__Work instructions__. Print all of the data exactly, but drop the pictures.

__Exercise materials__.
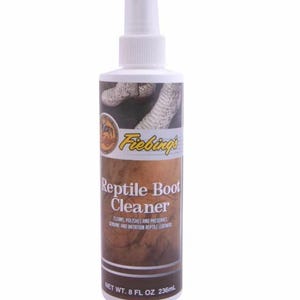 May include: A white bottle with a spray nozzle labelled "Fiebing's Reptile Boot Cleaner". The bottle is 8 fluid ounces and contains 236 millilitres. The label also states that the cleaner cleans, polishes, and preserves genuine and imitation reptile leathers.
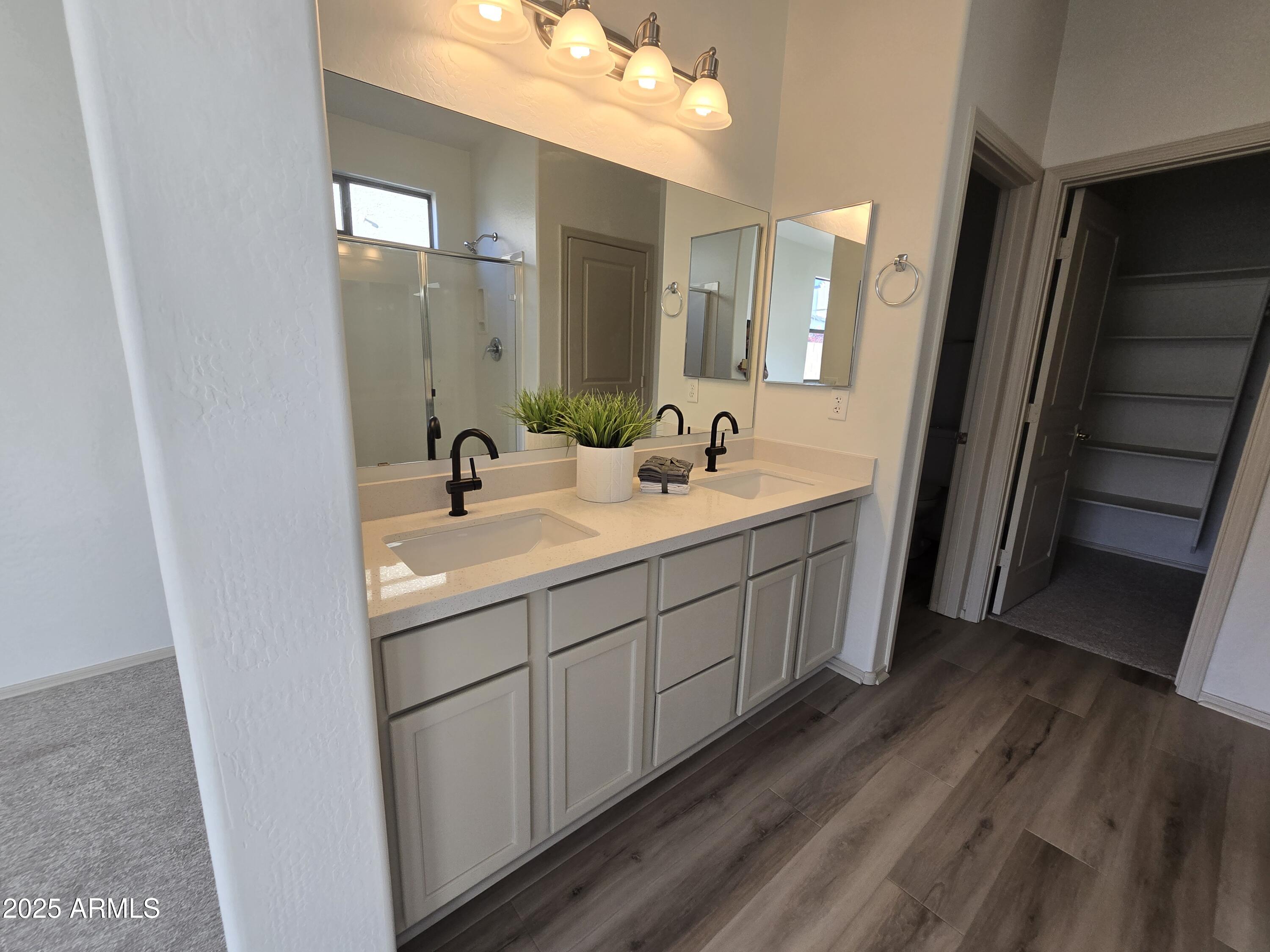18196 Calacera Street Maricopa, AZ 85138 - Photo 15 of 21 a bathroom with a double vanity sink and mirror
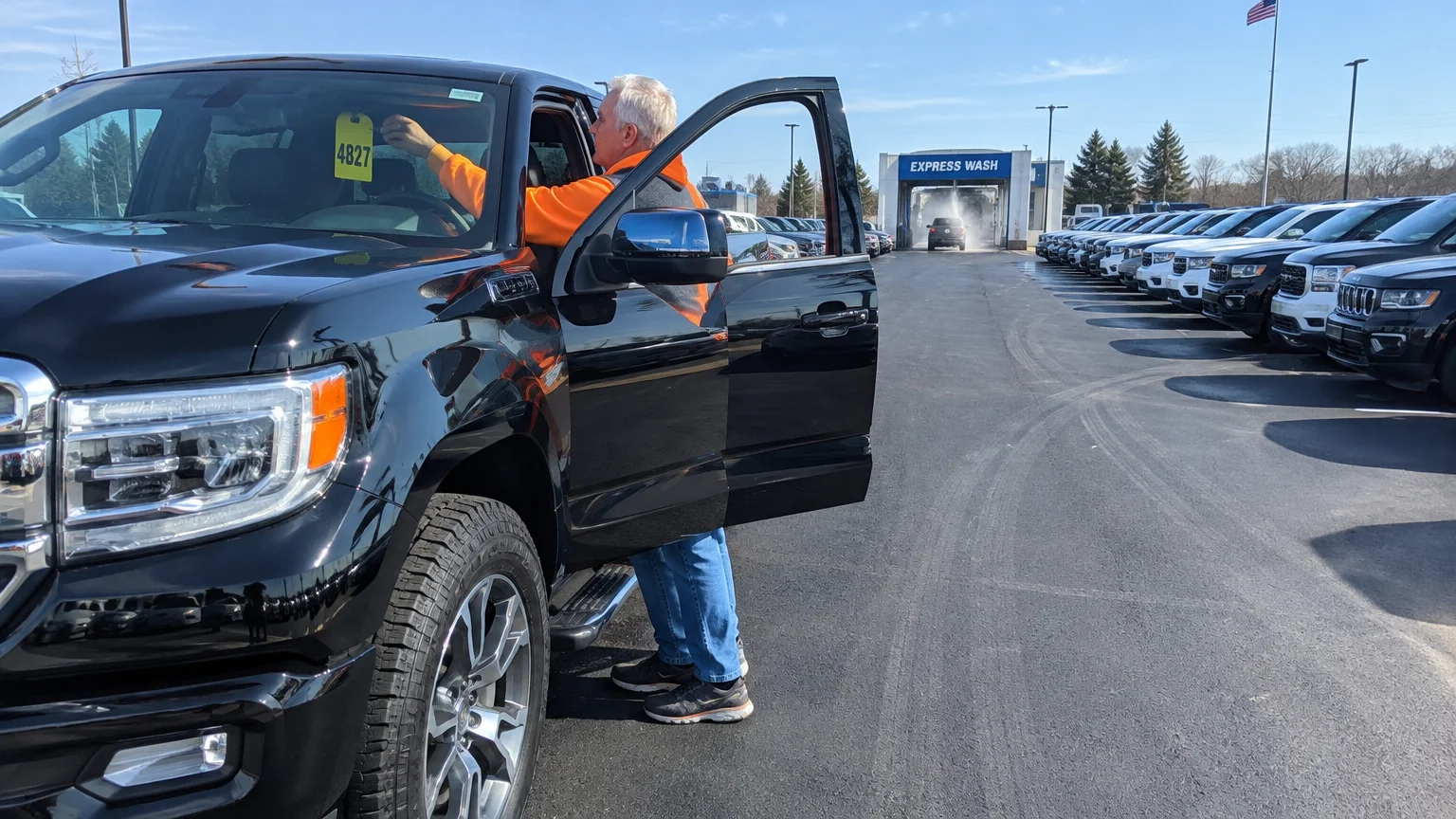 A man placing a numbered yellow tag on the rearview mirror of a black pickup truck on a dealership lot.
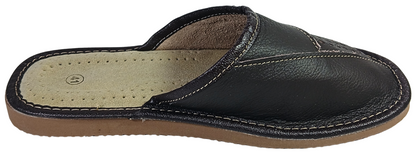  Lifestyle shot of man wearing dark brown closed-toe leather slippers on hardwood floor with grey trousers — The Leather Gift Co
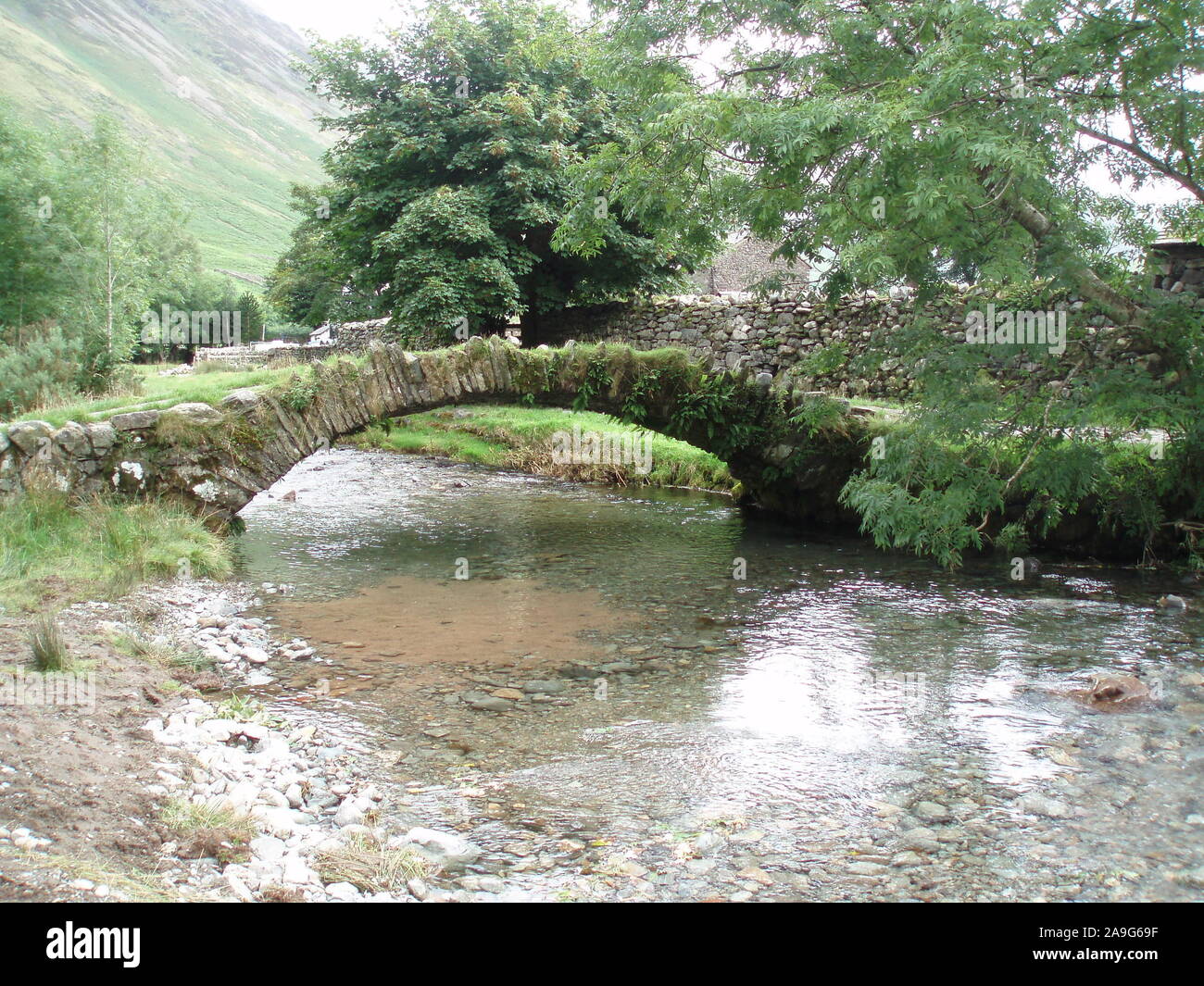 Montrant un paysage d'eau claire dans les collines du parc national de lake district qui a une passerelle construite en pierre voûtée traverser le ruisseau. Banque D'Images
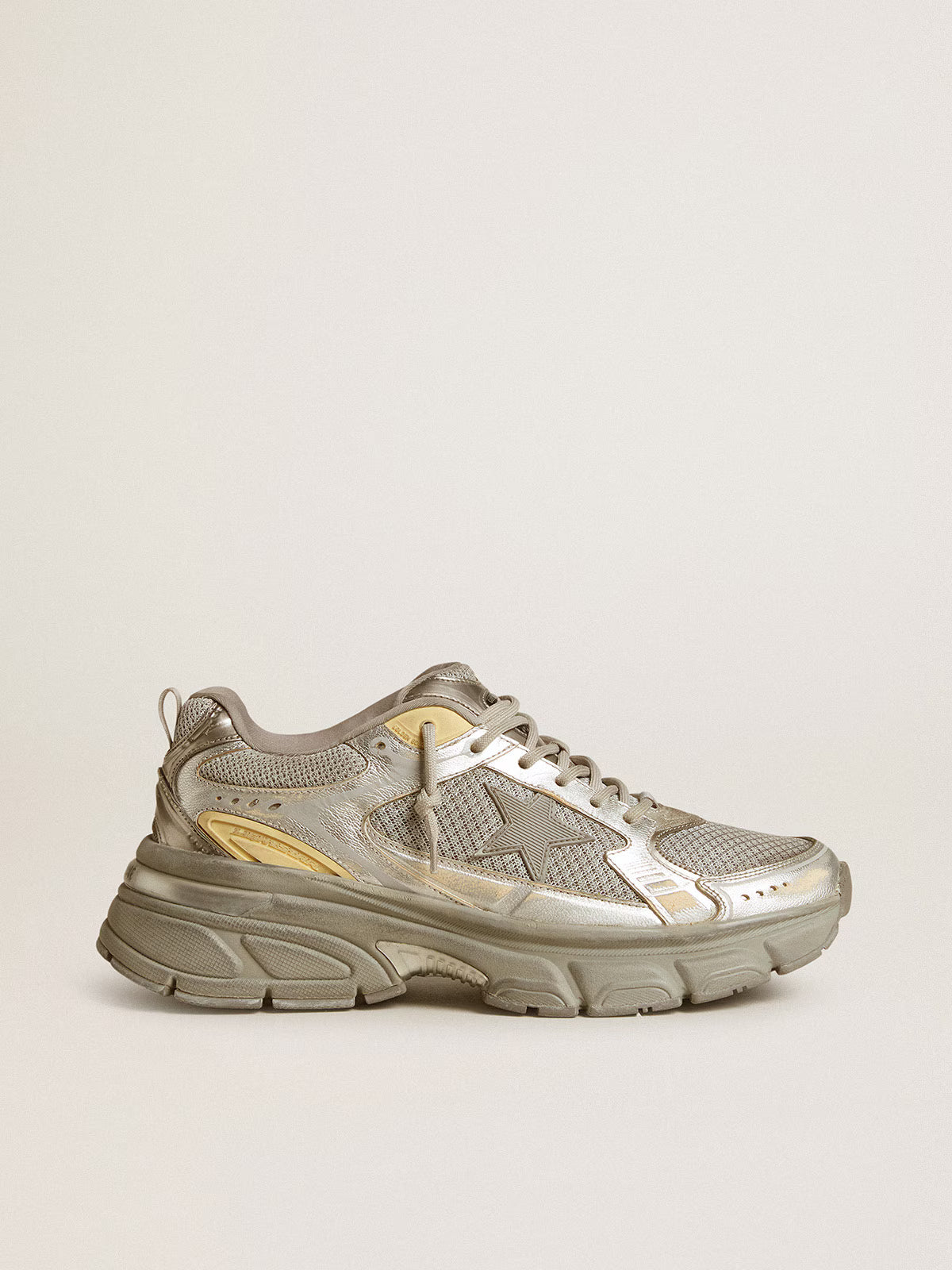 Golden Goose Lightstar sneakers featuring a metallic silver and grey leather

__Response to the exercise__.
 May include: A white bottle with a spray nozzle labelled "Fiebing's Reptile Boot Cleaner". The bottle is 8 fluid ounces and contains 236 millilitres. The label also states that the cleaner cleans, polishes, and preserves genuine and imitation reptile leathers.
18196 Calacera Street Maricopa, AZ 85138 - Photo 15 of 21 a bathroom with a double vanity sink and mirror
 A man placing a numbered yellow tag on the rearview mirror of a black pickup truck on a dealership lot.
  Lifestyle shot of man wearing dark brown closed-toe leather slippers on hardwood floor with grey trousers — The Leather Gift Co
 Montrant un paysage d'eau claire dans les collines du parc national de lake district qui a une passerelle construite en pierre voûtée traverser le ruisseau. Banque D'Images
 Golden Goose Lightstar sneakers featuring a metallic silver and grey leather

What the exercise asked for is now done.